* ACTIVITY *
Which of the lines in the data below contain the string "Women"? Copy each of them.

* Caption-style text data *
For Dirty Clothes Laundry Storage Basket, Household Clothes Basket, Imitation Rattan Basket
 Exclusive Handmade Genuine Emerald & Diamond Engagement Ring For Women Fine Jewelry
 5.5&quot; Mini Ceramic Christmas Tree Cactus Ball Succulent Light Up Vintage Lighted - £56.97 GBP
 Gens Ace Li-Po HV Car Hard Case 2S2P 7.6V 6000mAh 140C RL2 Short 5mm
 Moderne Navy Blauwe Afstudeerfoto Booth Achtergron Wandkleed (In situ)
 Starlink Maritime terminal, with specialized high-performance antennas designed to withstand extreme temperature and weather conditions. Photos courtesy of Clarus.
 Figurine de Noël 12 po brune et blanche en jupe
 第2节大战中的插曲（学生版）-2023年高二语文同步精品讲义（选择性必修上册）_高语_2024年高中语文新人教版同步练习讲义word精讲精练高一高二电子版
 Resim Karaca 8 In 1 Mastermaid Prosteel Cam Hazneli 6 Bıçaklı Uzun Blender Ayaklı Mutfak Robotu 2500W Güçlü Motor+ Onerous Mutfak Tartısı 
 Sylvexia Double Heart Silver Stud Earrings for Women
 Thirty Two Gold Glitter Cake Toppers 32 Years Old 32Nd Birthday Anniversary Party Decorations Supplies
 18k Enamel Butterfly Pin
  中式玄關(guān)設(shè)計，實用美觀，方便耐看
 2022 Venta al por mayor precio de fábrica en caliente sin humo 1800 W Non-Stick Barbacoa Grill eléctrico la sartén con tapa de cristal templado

* REPLY *
 Exclusive Handmade Genuine Emerald & Diamond Engagement Ring For Women Fine Jewelry
 Sylvexia Double Heart Silver Stud Earrings for Women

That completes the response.